2024’s potential Winners will be those who recognise that business models have to change. They need to move from being supply-driven to become demand-led, due to the end of the demographic dividend.

The reason is simply that the world’s Top 10 economies are two-thirds of global GDP. And as the chart shows, 8 of them are ageing very rapidly:

  • Back in 1950 the G10 populations were all very young. Only about 15% were in the Perennials 55+ age range
  • But yesterday’s ‘demographic dividend’ has become today’s ‘demographic deficit’. The Perennials proportion will have more than doubled by 2030 to around 35%
  • Brazil and India are the only exceptions, with a Perennials proportion of 24% and 18% respectively
  • But both countries are relatively poor, and together only account for 5% of global GDP.

Today’s population growth is now being driven by increasing life expectancy, rather than births.  Essentially, the Boomers are therefore becoming the Perennials.

And whilst increasing life expectancy is good news for them personally, it is bad news for economic growth.  They are essentially a replacement economy. They already own most of what they need, and their incomes decline as they move into retirement.

This matters for the global economy because consumption is 60% – 70% of GDP in western economies.
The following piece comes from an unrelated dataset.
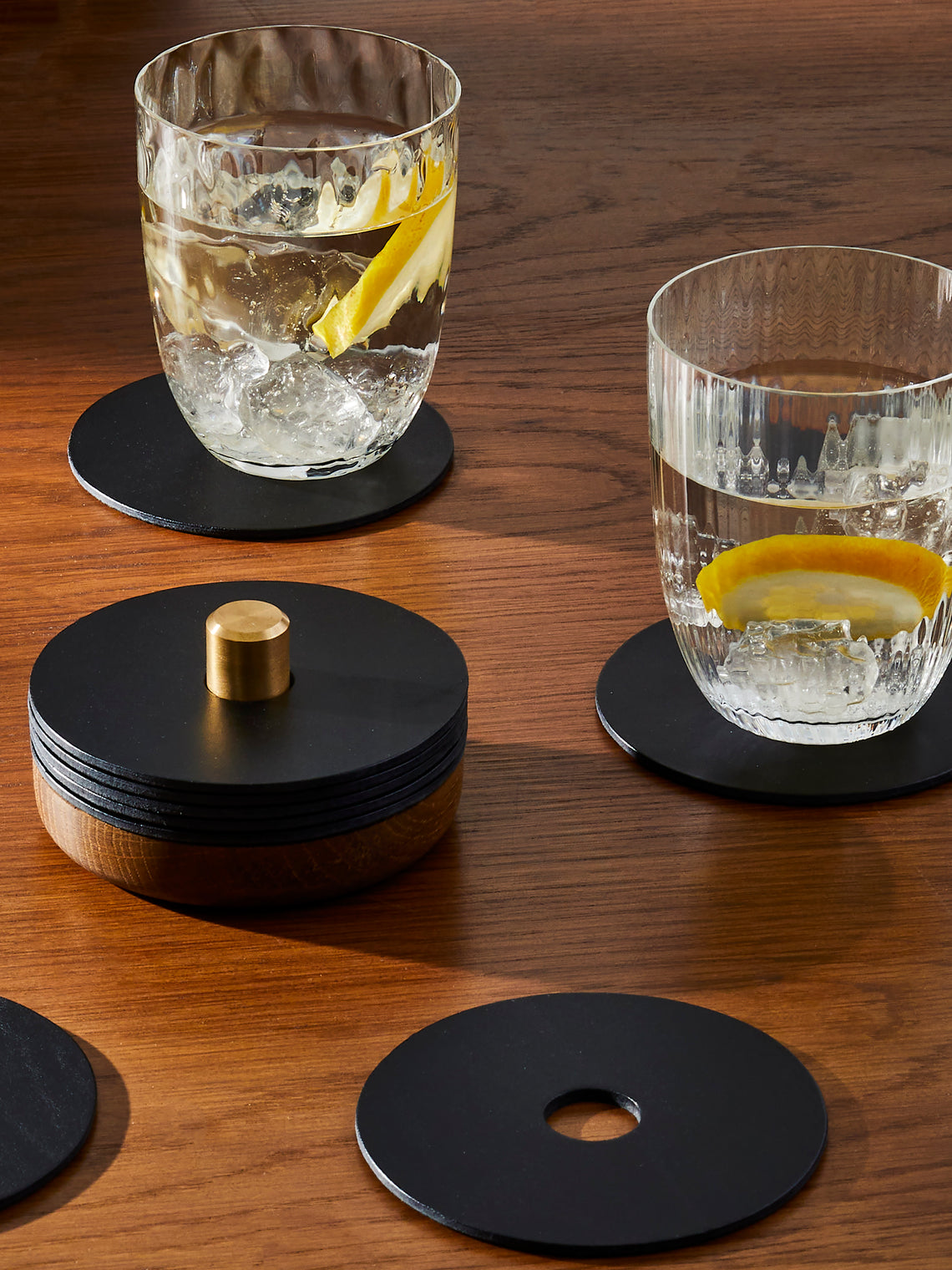 Otzi Studio - | Set of 10 | Gasket Leather Coasters - Black - ABASK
Since 2000, this impact has been disguised by the central banks’ reckless stimulus policy:

  • Essentially, they tried to “print babies” to create demand
  • But their failure is evident in the vast pile of global debt that the policy has created
  • Instead of the promised growth, this has now reached an eye-watering $310tn, nearly double 2008’s level

In addition, we have now lost the ‘peace dividend’ that enabled governments to reduce defence spending after the end of the Cold War.

As the chart of UK Defence and Health spending as a % of GDP shows, this freed up vast amounts of money. It was instead spent on domestic priorities such as health, education and transport.
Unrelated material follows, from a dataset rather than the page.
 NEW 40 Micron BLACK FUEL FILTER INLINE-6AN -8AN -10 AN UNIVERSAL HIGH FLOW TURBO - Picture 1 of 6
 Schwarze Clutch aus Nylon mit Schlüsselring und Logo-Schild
By 1998, US President Bill Clinton was even able to boast in his State of the Union address that the US had achieved a balanced budget for the first time in 30 years.

But fast forward to today. Russia’s economy is back on a war footing as President Putin has confirmed. In response, Germany’s Defence Minister, Boris Pistorius, has already suggested the government may well need to follow Sweden’s example and reintroduce conscription.

The next few years are therefore likely to be very different from anything that we have known in our working lives.

Some of us do, of course, remember the Cold War. But none of us have ever lived in an economy facing a major demographic deficit and a record level of debt.

And so scenario planning is therefore essential in the face of this uncertainty.